Thursday, November 21, 2019

Coventicle of Black Blood

A NE/CE order; semi-religious.

The Conventicle of Black Blood is an organization that potrays itself as being a "hunting club", and many are organized among the upper classes (and ambitious folk of the middle class) as such. Those who are able to hunt or fish as a pleasure, not a necessity. It seldom goes openly by the name, but will instead mock names associated with The Great Huntress; The Sacred Order of the Sable Arrow, in Brandobia, is one such group, it symbol a black arrow, with a black drop of blood dripping from the tip, painted simply on a sign of wood or a background of green. Massive hunts, where every member is encouraged to bring back some game of some sort, will sweep through the land on nights as the Veshemo is new or Diadolai wanes. Prizes are awarded for the largest trophies, and scorn is heaped upon any who do not return with at least a rabbit or al-miraj. Midwinter hunts to roust bears and boars from their slumber, and events where children are given a sling and pigeons are released for their sport are all popular, and kill far more than can be eaten.

While the open orders recruit, an inner circle works more sinisterly.

The Coventicle of Black Blood engages in rites which profane the hunt, and seek to cause pain, famine, and pestilence. They do hunt, of course, but they seek to overhunt an area, so there will be a dearth of food animals to eat. The inner circle leaves corpses to rot and cause disease, or leaves animals wounded to draw predators. To this end, they are popular among the priests of the Locust Lord, the Flaymaster, and the Rotlord, with different groups within the Coventicle organized towards one or the other, and providing at least lip service to the rest.

The members are varied, though it is popular with assassins, fighter/thieves, and fallen rangers (indeed, remaining one of the few sources of training for rangers who fall away from good).

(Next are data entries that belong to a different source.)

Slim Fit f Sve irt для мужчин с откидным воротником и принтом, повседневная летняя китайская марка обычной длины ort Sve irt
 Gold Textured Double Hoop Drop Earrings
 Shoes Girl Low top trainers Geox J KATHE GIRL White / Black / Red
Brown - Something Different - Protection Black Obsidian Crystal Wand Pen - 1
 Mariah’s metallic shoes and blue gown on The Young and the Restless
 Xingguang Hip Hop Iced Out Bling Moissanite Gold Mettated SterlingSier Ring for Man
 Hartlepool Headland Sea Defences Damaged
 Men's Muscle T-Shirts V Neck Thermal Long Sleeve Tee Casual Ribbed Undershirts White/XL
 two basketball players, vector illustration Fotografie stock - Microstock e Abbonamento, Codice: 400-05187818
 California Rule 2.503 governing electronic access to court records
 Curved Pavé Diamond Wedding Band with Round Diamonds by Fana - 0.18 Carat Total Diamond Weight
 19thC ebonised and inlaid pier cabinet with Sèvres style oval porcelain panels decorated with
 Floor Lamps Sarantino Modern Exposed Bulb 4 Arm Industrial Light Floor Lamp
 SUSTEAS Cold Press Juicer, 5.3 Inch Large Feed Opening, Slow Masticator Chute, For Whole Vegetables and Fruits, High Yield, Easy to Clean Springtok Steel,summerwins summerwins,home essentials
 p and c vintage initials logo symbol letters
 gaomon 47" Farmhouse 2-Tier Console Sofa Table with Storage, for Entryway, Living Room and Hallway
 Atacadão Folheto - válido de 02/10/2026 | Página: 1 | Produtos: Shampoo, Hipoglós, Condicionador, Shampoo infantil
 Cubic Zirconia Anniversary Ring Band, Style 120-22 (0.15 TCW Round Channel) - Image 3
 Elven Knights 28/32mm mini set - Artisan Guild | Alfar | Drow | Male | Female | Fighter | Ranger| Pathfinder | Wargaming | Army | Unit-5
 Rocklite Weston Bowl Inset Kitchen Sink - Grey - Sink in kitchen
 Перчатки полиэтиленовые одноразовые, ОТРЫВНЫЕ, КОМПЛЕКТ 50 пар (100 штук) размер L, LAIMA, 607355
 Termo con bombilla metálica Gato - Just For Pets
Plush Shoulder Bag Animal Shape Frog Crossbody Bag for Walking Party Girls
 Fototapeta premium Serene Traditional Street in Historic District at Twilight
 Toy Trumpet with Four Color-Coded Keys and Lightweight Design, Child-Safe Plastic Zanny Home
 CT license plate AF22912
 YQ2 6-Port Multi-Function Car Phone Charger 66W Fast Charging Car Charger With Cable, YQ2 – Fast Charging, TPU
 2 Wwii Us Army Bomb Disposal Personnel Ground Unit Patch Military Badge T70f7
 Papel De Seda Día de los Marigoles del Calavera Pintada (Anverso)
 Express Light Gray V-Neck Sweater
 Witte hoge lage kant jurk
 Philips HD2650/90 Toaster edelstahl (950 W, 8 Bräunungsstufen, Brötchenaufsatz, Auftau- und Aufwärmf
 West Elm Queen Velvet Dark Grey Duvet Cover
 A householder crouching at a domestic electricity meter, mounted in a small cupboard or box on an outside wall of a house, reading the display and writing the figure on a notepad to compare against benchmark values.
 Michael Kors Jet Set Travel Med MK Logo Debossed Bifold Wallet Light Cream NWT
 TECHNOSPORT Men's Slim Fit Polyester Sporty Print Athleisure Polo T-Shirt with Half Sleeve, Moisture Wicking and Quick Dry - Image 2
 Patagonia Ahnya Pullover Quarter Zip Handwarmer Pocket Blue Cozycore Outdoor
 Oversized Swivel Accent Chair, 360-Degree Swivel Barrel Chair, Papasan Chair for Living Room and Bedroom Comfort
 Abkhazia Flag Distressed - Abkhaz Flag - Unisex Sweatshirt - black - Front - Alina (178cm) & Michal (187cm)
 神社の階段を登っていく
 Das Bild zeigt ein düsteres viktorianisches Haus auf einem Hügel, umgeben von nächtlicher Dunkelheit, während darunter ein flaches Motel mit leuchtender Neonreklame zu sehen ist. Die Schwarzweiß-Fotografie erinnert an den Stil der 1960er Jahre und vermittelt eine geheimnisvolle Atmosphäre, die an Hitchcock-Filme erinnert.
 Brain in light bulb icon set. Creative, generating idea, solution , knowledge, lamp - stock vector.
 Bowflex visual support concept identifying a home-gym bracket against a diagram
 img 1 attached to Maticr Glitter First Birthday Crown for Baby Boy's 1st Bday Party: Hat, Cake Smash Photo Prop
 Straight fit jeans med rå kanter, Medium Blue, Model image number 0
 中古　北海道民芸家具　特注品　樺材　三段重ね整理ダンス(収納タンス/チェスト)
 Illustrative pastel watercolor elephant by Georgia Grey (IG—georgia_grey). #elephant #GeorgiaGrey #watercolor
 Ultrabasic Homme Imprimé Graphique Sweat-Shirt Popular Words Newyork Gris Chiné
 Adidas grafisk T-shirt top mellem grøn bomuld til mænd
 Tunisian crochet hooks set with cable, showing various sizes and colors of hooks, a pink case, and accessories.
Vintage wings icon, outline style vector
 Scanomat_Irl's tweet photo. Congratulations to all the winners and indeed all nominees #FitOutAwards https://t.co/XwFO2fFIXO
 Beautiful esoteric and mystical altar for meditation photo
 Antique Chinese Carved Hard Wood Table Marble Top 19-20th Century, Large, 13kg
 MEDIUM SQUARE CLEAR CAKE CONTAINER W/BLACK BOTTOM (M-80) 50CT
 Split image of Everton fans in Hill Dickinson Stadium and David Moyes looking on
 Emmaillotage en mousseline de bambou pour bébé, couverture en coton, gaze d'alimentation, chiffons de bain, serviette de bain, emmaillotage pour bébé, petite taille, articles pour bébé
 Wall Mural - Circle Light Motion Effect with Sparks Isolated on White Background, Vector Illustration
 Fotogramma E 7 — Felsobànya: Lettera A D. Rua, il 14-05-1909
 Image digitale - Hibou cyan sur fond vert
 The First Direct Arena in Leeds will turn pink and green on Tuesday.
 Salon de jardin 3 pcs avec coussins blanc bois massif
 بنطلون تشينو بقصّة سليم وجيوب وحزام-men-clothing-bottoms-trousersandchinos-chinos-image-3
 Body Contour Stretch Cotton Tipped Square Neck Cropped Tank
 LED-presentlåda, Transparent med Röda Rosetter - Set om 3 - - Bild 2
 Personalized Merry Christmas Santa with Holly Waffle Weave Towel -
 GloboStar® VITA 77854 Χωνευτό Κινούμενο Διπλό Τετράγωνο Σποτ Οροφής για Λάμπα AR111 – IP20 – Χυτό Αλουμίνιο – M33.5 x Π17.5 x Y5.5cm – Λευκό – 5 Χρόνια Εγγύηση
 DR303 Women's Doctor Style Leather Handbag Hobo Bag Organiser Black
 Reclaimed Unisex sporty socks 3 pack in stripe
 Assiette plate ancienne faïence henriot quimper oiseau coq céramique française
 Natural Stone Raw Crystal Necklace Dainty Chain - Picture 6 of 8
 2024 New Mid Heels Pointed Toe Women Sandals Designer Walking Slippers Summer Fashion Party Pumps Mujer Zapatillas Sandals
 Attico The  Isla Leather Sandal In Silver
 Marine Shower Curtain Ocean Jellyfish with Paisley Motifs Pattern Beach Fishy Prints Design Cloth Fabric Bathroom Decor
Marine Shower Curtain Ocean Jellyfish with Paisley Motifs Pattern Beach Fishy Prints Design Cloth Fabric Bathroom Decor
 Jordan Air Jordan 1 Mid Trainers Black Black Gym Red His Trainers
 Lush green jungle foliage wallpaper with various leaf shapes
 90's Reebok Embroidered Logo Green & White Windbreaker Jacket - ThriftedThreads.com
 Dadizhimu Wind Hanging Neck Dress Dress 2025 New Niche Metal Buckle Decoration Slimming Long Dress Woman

Some Patient Arrows, drawn by the open orders, will join Coventicle-associated hunt clubs, but find their message strangely rebuffed by the most influential members. The open orders count among their number many noblemen and knights; men for whom hunt is a sport, not a way of life, and who care little how the meat is used, so long as the trophy comes home with them. This provides them a fair degree of political protection, though respectable huntsmen, frequently associated with (at least loosely) the Patient Arrows, tend to have little truck with them.